FYI, by using csv instead of unicodecsv together with one other small fix, I can get most of the failing tests in test_md_datasource.py to pass. However, I'm not sure if anything else breaks as a result. But given my understanding of how unicodecsv works with python2 vs. python3, it's a bit unclear to me how things are currently working.
This seems related to https://github.com/jdunck/python-unicodecsv/issues/65.
@warwickmm yeah, this is an artifact of using python2, but we should be using python3, so we can remove unicodecsv and just replace it with the csv module.
Ok. Do you mind my asking how any of this is working currently? It would seem to me that none of the csv files can be read properly as-is.
@warwickmm it's a fair question, and the basic answer is that we've mostly not used the core repo in recent times, instead prioritizing the data conversion work that results in the openelections-data-{state} repos. But we do use it for some of the states and use Python 3 for that.

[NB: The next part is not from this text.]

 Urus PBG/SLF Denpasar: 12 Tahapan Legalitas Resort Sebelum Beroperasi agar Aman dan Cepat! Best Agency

Thanks. If the core repo isn't used very much anymore, is there a different repo that I can look at for possible ways to contribute? Or, is the core repo still deserving of attention?
@warwickmm most of our work now is done in various state-specific repos, where we put converted precinct results. For example, we're working on converting official precinct results for Texas here.
Thank you. I'll take a look at the state-specific repos.